Aortic dissection is produced by a tearing of the inner layer of the aortic wall (aorta main artery of the body). The blood separates (dissects) the inner and outer layers from each other. In this way a “false” blood flow channel is produced. The organs (especially the heart or the brain) no longer receive a sufficient supply of blood.
Symptoms of Aortic Dissection
The most common symptom of aortic dissection is that of a retrosternal chest pain , which can be confused with pain of cardiac origin.This pain may sometimes radiate to the neck, jaw or shoulders (if the ascending aorta is involved), or to the abdomen, back or lower limbs (typical of the descending aorta).
Pain can also be felt in the back, the abdomen and even in the arms and legs.
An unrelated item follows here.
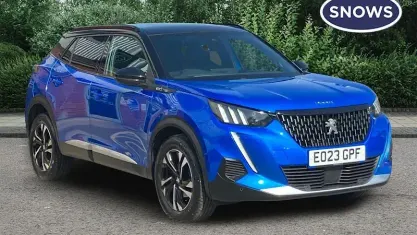 Used Peugeot 2008 GT 131 HP (96 kW) 2023 Blue SUV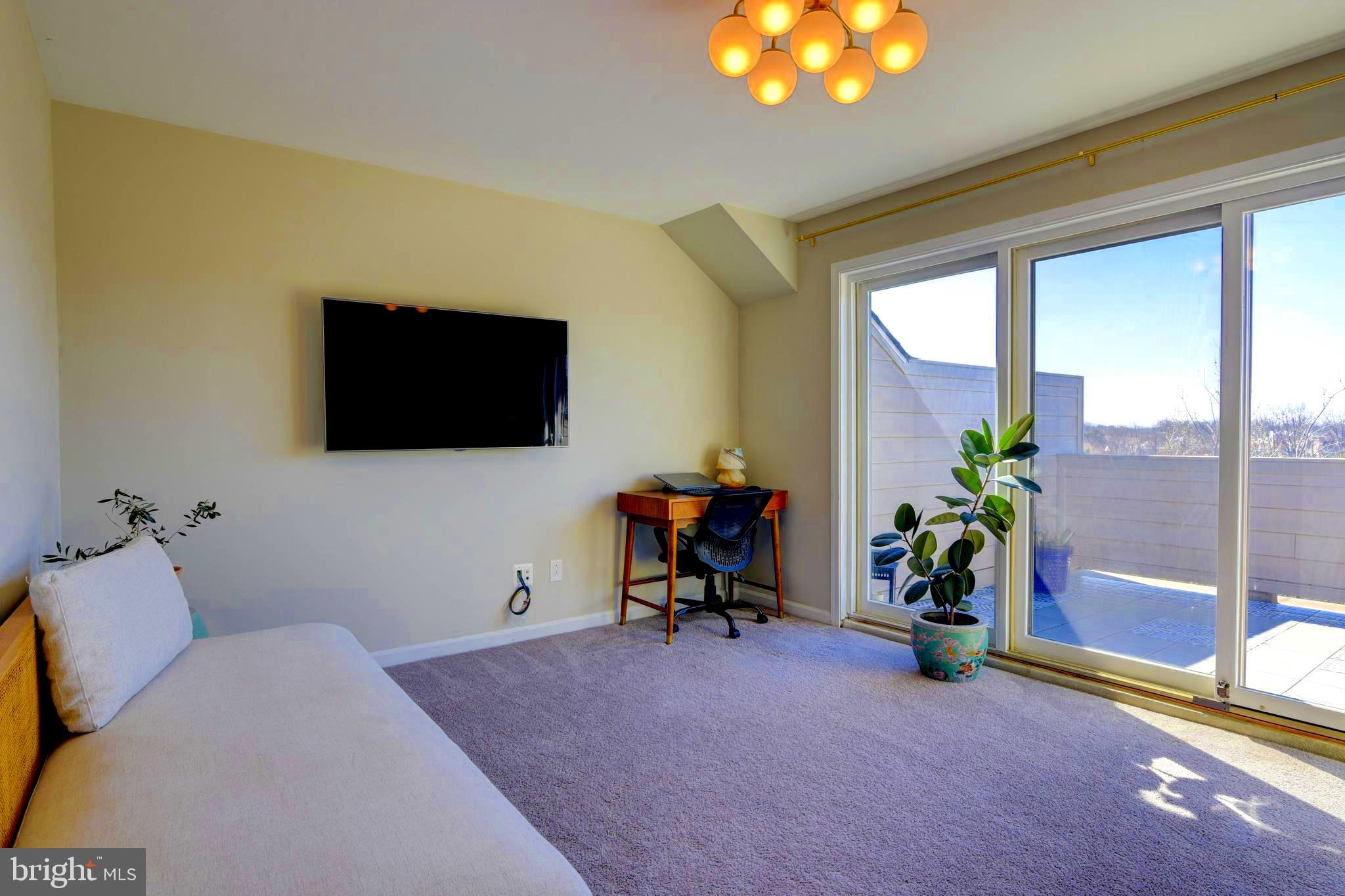 LOUDOUN PLACE - Residential Lease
Depending on the area of the tear and the circulatory alteration, for example, a sense of breathlessness, shock (tearing near the heart) or signs of a cerebral stroke may occur.
Aortic dissection and risk factors
- Male sex
- Connettivopatie (eg Marfan syndrome)
- Abuse of narcotic substances
Diagnostics for Aortic Dissection
The diagnostics to be submitted to the patient with suspected dissection may vary depending on the patient’s condition.
In order of sensitivity, the imaging modes are as follows:
- Nuclear Magnetic Resonance ( MRI ): sensitivity and specificity of 98%
- Transesophageal echocardiography: sensitivity of 98% and specificity of 77%
- CT scan with contrast medium: 94% sensitivity and 87% specificity
- Aortography: 88% sensitivity and 94% specificity
Symptoms of Aortic Dissection
The most common symptom manifesting the patient with aortic dissection is that of a retrosternal chest pain , which can be confused with pain of cardiac origin.
This pain may sometimes radiate to the neck, jaw or shoulders (if the ascending aorta is involved), or to the abdomen, back or lower limbs (typical of the descending aorta).
This pain tends to be extremely acute and is typically described by the patient with adjectives such as “dilaniante” or “lacerante”.
The intensity of the pain usually tends to be severe for the whole duration of its duration, even if sometimes it can recede spontaneously for hours or days; however, the pathology is not silent at this time and, when the pain makes its reappearance, its intensity is even greater.
Classification of aortic dissection
There are two classifications of aortic dissection: according to Stanford and according to De Bakey.
Classification according to Stanford
- Type A dissection: involvement of the ascending aorta;
- Type B dissection: without involvement of the ascending aorta (the dissection starts from the anonymous artery or from the left subclavian artery)
Classification according to De Bakey
- Type I dissection : extended to the descending aorta
- Type II dissection : localized to the ascending aorta
- Type III dissection : it originates after the left subclavian artery
- Type IV dissection : up to the diaphragm
- Type IV bisection : up to the iliac.